В Москве начинается новый скандал о коррупции. Причем власти не выкапывают из земли самую сочную и крупную редьку — коррупцию в Думе, природную ренту, воровство и подлог при приватизации, а дают общественности пожевать ботву. На сей раз новое дело милиционеров, здесь выбросили на съедение самое ненавистное племя ГИБДД. По телевидению идут такие рожи, такие подробности, такие сюжеты! Милиционеры легализовывали угнанные дорогие иномарки, выписывали на них новые документы и шантажировали владельцев эти дорогих машин, угрозая «раскрыть» источники их незаконных доходов.

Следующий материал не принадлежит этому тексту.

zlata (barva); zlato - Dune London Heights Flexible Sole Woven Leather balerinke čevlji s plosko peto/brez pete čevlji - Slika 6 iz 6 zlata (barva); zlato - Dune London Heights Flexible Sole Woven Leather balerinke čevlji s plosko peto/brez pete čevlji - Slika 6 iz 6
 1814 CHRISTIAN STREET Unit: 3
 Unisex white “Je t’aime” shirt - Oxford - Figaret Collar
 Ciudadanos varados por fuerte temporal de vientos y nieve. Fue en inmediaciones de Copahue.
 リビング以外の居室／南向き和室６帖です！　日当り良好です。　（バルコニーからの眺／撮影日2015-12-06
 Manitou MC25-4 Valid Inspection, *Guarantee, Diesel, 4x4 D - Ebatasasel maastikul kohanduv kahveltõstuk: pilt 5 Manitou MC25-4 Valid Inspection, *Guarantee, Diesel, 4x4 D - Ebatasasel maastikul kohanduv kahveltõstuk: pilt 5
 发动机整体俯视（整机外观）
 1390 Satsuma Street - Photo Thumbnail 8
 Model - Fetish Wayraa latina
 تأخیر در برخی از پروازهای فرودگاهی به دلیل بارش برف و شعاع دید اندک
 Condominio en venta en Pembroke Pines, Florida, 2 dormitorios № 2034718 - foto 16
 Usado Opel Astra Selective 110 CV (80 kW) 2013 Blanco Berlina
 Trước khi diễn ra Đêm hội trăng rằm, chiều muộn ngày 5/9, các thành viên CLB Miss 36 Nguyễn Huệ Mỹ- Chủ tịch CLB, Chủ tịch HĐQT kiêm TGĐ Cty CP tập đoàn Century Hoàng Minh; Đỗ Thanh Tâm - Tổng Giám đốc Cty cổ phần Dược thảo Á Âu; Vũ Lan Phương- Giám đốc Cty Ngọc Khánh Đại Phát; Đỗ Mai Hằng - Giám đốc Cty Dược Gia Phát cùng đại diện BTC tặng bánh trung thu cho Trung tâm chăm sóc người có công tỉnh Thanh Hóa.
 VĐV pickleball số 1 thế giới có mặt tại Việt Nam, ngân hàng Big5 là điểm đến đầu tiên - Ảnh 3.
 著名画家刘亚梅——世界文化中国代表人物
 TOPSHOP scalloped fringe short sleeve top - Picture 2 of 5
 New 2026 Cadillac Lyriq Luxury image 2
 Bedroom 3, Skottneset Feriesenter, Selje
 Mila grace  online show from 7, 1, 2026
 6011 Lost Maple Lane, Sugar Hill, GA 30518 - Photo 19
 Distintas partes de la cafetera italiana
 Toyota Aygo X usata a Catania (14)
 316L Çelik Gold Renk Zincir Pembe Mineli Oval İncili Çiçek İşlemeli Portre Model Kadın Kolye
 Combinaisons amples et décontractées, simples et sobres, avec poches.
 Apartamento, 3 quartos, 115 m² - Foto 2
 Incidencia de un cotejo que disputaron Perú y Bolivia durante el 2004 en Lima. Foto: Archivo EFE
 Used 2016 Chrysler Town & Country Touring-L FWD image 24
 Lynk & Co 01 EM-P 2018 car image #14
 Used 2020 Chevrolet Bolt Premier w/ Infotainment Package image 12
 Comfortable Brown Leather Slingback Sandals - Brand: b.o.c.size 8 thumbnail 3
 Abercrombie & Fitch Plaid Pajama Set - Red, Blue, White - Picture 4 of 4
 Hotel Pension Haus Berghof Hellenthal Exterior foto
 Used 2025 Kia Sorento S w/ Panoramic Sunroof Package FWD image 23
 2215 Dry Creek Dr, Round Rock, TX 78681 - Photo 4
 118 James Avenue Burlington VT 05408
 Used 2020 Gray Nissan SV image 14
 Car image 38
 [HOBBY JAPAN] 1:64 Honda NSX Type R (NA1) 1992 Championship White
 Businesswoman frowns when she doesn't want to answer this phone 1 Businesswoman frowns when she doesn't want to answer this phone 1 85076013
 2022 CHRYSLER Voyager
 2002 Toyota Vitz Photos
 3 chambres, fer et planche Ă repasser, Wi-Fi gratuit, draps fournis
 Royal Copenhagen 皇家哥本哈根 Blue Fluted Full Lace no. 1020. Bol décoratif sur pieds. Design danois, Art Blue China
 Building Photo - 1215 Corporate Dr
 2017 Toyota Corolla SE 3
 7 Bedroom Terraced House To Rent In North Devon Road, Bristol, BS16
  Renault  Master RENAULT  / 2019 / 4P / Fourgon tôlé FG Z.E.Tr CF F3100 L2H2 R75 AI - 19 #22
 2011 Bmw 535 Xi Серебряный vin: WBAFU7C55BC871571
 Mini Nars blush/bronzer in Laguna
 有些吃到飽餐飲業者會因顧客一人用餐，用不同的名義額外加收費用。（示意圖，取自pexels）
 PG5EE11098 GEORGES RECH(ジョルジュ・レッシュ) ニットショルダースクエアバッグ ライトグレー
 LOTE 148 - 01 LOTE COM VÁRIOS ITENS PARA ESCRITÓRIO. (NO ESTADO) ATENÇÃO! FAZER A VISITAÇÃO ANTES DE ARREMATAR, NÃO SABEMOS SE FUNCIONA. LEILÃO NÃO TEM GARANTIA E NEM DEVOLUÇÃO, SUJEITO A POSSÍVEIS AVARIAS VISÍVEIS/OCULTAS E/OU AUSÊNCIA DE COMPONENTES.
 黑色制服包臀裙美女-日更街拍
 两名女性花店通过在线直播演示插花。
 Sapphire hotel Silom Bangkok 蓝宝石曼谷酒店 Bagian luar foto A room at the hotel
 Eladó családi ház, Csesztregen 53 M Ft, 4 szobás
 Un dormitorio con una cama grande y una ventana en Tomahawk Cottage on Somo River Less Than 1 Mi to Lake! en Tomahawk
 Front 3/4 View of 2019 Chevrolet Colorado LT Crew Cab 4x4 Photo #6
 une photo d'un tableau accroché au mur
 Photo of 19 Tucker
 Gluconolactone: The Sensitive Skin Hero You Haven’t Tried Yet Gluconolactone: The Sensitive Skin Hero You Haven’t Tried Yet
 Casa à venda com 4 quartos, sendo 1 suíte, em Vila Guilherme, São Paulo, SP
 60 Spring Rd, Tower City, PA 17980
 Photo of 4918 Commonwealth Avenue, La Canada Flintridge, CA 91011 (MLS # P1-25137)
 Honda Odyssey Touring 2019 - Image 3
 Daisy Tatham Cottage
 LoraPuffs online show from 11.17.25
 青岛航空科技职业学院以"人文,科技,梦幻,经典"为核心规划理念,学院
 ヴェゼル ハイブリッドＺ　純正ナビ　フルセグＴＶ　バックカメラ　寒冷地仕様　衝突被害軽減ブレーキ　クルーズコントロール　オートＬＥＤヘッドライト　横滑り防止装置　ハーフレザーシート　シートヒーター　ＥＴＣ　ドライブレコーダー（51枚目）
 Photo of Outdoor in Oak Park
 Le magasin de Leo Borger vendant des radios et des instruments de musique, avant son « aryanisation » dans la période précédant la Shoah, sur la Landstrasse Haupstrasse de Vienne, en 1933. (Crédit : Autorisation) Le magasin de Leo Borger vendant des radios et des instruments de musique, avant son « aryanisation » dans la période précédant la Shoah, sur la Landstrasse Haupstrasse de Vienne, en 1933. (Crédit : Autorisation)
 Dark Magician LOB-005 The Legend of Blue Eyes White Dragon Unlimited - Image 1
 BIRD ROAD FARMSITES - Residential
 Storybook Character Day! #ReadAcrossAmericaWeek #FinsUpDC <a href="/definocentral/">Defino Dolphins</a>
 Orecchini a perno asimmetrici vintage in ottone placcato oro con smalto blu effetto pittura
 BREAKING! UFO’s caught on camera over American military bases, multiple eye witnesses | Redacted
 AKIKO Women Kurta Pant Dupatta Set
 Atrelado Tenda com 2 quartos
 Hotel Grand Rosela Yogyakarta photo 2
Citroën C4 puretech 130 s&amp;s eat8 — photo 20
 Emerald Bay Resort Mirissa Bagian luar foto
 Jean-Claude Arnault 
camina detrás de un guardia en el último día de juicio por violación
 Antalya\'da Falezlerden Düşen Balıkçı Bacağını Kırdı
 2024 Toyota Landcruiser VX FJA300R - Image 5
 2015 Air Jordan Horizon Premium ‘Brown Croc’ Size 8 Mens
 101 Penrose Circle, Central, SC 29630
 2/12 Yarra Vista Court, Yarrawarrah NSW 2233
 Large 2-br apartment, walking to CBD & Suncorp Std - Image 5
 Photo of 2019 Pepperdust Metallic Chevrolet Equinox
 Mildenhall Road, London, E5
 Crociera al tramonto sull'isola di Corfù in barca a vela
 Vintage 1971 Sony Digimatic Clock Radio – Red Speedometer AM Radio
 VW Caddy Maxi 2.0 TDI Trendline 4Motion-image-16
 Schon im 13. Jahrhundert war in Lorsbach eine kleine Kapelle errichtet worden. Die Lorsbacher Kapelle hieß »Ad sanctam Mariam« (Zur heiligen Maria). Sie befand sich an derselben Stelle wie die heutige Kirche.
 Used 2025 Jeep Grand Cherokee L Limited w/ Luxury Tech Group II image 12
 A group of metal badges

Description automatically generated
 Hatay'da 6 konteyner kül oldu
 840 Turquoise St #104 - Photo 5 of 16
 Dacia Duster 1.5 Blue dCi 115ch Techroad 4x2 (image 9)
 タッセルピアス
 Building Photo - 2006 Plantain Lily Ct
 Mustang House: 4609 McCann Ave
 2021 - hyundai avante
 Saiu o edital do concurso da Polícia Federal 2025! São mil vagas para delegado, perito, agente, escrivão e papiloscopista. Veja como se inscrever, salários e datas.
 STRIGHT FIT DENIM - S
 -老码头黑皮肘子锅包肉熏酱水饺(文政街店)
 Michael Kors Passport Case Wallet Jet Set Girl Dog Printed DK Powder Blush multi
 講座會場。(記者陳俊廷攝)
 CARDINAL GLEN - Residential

Попались на этом даже высшие чины: эти угнанные машины, оказывается, хранились даже на территориях подразделений ГИБДД!
Днем заходил брать вступительные работы Е.Ю.Сидоров. Мы с ним встретились с месяц назад в ЦДЛ, и вроде бы я пригласил его работать. Это справедливо, в конце концов он пять лет просидел в том же кабинете, что и я. Теперь ему предстоит набрать семинар, хотя большинство наших мастеров свои работы уже прочитали. Я предполагаю, что Сидоров будет вести смешанный семинар, в котором будут и поэты, и прозаики, и драматурги, и критики. Е.Ю. жаловался, что ему скучно в министерстве. но я думаю, это не совсем так: просто министерство сокращают, а ничего нового ни в Лондоне, ни в Париже ему не предлагают. Женя сказал, что он доктор культурологии. Я ответил, что этой науки не понимаю. Ему, оказывается, предлагали кафедру в университете Невзлина (я подумал про себя, что оно и понятно; также и о том, что мы не сможем принять ни один докторский диплом, если он не утвержден ВАКом, и даже ни один диплом почетного доктора, хотя бы этот диплом будет выдан Сорбонной или Прагой). Но Е.Ю., безусловно, может быть полезен Литинституту. Я не забыл, что в институт меня пригласил именно он. К подчиненному положению в институте он, конечно, не привык.